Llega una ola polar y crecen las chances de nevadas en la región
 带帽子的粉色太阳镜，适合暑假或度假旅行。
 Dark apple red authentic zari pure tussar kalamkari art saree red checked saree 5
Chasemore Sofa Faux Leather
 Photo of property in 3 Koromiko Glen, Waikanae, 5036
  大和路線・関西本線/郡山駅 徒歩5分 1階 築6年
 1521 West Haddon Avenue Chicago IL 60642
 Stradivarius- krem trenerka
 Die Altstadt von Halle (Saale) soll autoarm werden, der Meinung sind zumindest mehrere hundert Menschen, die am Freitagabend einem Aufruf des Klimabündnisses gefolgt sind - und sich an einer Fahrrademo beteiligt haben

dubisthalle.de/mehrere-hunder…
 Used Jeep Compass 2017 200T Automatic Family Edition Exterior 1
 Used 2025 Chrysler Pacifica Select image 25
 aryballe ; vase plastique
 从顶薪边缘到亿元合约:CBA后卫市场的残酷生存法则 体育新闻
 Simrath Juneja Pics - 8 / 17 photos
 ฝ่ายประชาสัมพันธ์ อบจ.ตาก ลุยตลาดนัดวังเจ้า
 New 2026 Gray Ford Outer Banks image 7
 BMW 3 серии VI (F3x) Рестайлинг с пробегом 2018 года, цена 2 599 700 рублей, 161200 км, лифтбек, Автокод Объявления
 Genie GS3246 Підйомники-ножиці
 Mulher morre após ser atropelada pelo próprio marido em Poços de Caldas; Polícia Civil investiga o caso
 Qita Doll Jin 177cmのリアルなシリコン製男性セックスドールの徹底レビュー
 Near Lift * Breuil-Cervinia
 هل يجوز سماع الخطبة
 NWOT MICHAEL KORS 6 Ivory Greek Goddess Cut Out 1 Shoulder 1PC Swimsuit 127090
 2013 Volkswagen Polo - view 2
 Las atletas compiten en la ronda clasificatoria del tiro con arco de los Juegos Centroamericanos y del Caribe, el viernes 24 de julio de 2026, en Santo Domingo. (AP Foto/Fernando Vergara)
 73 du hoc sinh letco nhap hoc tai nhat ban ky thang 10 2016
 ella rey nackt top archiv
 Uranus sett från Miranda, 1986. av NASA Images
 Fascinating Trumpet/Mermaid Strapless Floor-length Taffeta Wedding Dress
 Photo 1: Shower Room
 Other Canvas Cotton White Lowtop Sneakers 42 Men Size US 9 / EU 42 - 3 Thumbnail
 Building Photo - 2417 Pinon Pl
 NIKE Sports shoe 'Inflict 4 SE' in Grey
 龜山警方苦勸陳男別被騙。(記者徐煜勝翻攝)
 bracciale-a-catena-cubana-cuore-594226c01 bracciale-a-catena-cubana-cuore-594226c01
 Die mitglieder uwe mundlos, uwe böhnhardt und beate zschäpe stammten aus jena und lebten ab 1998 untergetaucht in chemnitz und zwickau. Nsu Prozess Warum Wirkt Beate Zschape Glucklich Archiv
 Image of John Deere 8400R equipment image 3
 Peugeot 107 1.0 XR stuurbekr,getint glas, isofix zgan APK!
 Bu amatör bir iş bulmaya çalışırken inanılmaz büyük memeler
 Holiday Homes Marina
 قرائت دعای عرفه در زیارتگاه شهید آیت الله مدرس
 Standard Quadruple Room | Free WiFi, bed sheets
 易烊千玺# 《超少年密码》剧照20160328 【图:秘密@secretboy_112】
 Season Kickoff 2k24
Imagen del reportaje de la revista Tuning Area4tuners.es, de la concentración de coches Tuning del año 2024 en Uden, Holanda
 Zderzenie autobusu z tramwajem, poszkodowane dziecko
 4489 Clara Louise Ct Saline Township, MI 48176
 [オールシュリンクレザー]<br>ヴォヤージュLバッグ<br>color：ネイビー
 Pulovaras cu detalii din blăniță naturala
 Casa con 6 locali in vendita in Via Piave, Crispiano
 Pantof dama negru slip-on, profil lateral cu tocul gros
# # # # # # #
Set down precisely the lines above between the line holding "New 2026 Gray Ford Outer Banks image 7" and the line holding "Qita Doll Jin", inclusive, and nothing beyond them.

■ **Written response**:
 New 2026 Gray Ford Outer Banks image 7
 BMW 3 серии VI (F3x) Рестайлинг с пробегом 2018 года, цена 2 599 700 рублей, 161200 км, лифтбек, Автокод Объявления
 Genie GS3246 Підйомники-ножиці
 Mulher morre após ser atropelada pelo próprio marido em Poços de Caldas; Polícia Civil investiga o caso
 Qita Doll Jin 177cmのリアルなシリコン製男性セックスドールの徹底レビュー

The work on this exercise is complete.